Could you copy the records below exactly, leaving out any pictures?

++++

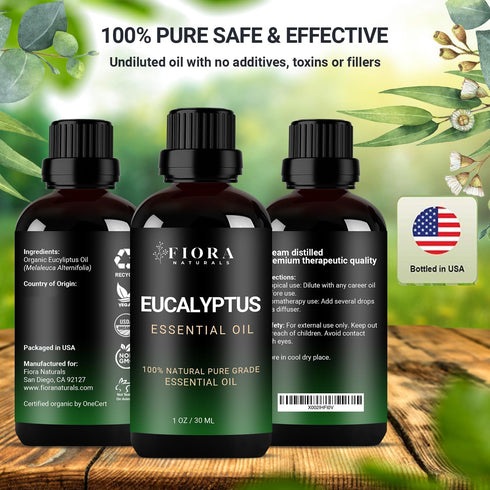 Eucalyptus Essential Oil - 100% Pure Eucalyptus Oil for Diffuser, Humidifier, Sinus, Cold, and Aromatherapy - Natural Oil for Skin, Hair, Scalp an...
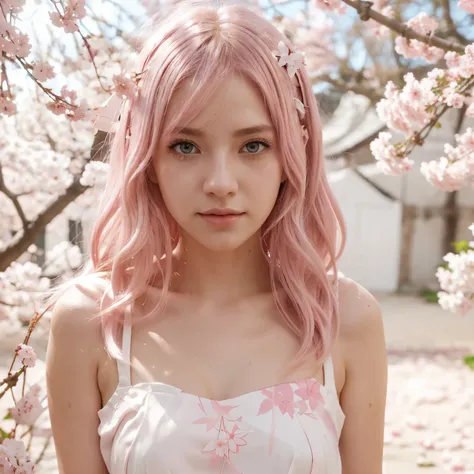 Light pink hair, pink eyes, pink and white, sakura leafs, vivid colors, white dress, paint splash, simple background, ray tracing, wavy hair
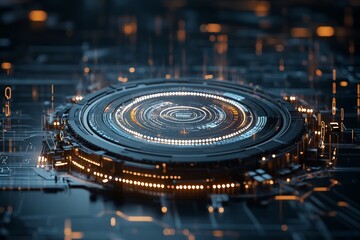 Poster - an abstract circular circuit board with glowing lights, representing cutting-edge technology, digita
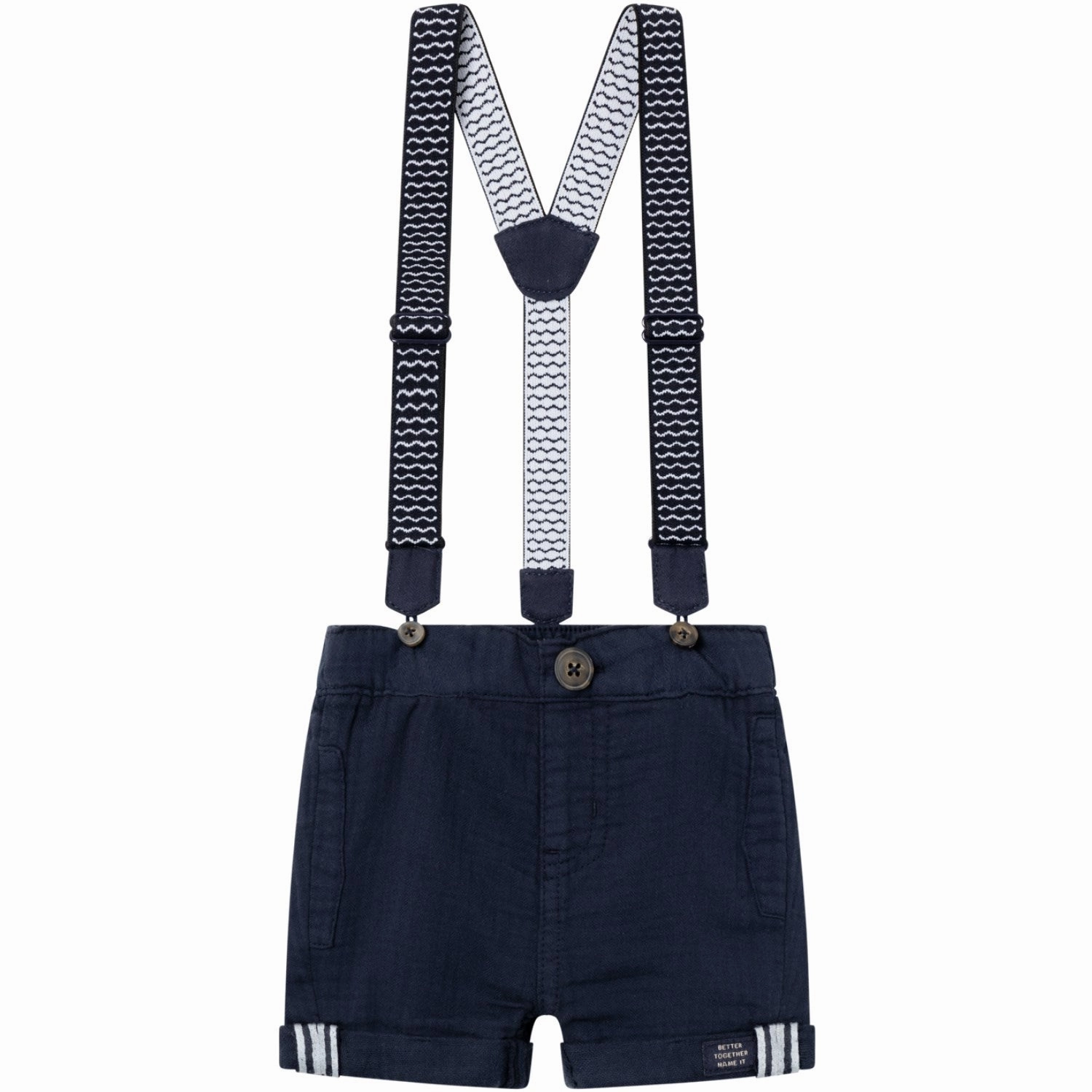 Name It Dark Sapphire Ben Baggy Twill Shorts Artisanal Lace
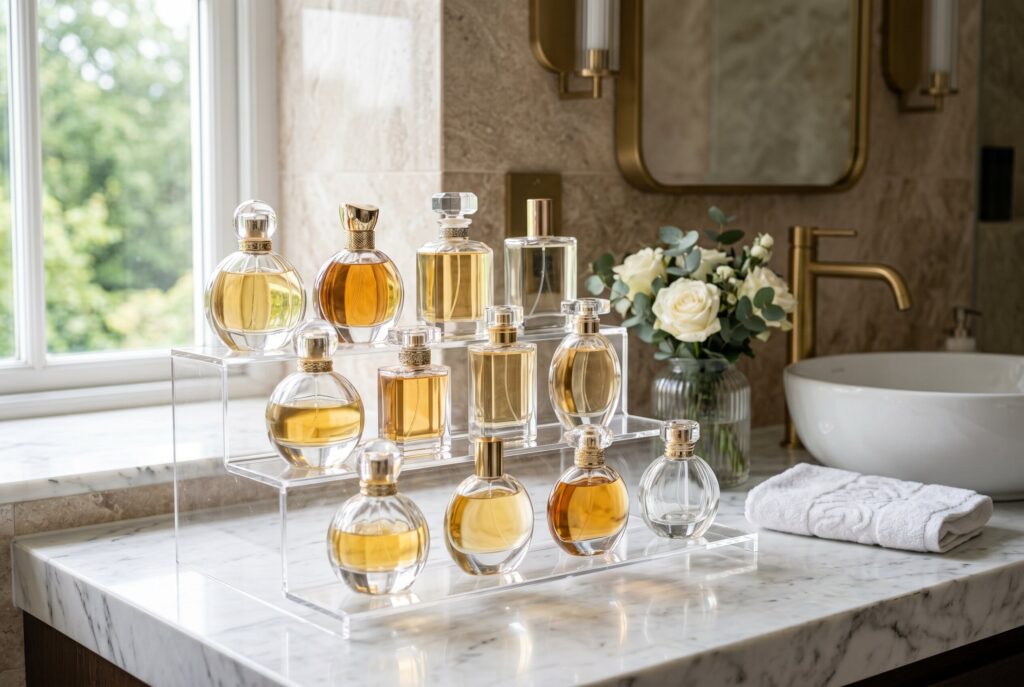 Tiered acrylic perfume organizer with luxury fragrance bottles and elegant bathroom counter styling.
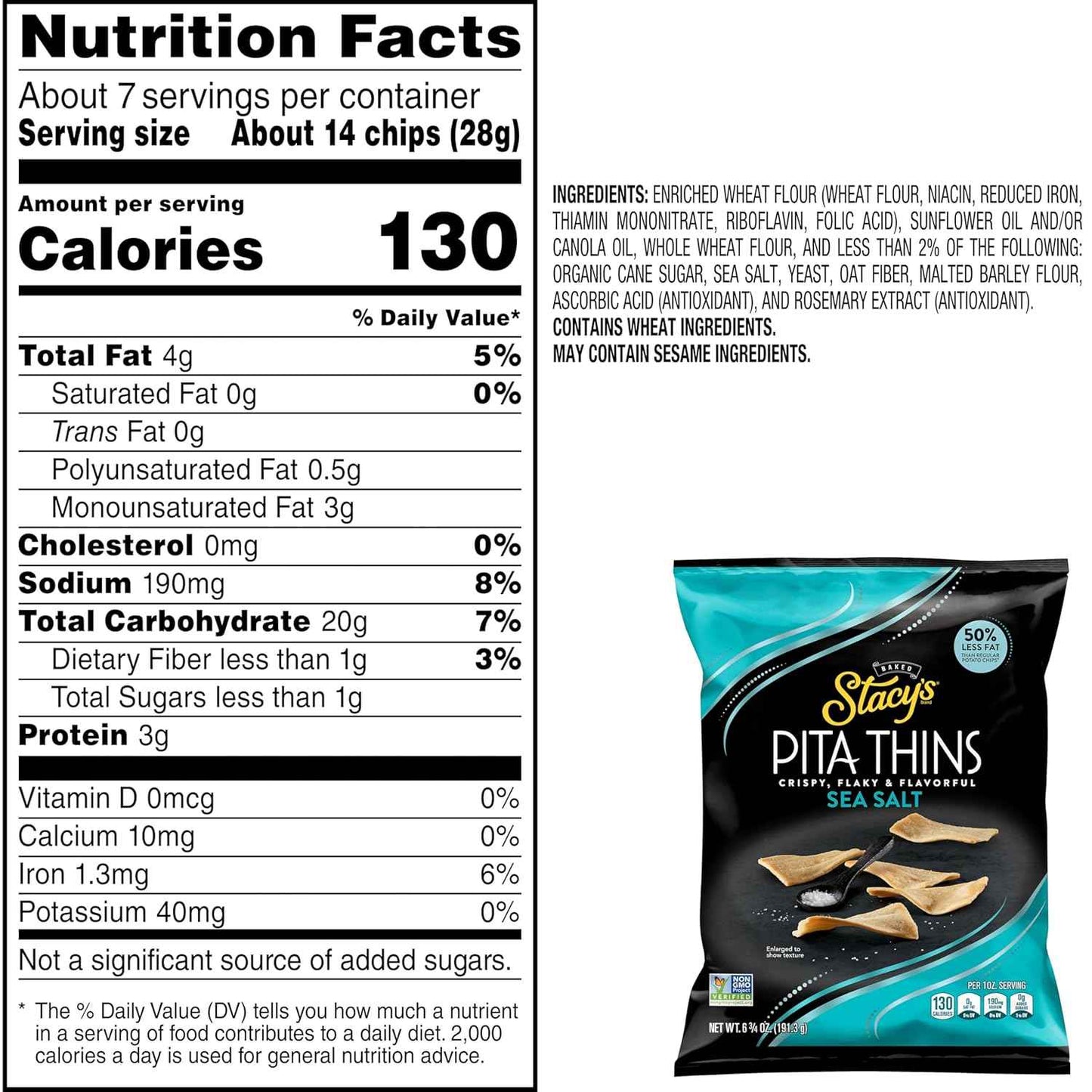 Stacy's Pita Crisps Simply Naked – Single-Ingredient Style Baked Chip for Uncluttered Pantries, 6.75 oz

++++

Reply to the exercise —
 Eucalyptus Essential Oil - 100% Pure Eucalyptus Oil for Diffuser, Humidifier, Sinus, Cold, and Aromatherapy - Natural Oil for Skin, Hair, Scalp an...
 Light pink hair, pink eyes, pink and white, sakura leafs, vivid colors, white dress, paint splash, simple background, ray tracing, wavy hair
 Poster - an abstract circular circuit board with glowing lights, representing cutting-edge technology, digita
 Name It Dark Sapphire Ben Baggy Twill Shorts Artisanal Lace
 Tiered acrylic perfume organizer with luxury fragrance bottles and elegant bathroom counter styling.
 Stacy's Pita Crisps Simply Naked – Single-Ingredient Style Baked Chip for Uncluttered Pantries, 6.75 oz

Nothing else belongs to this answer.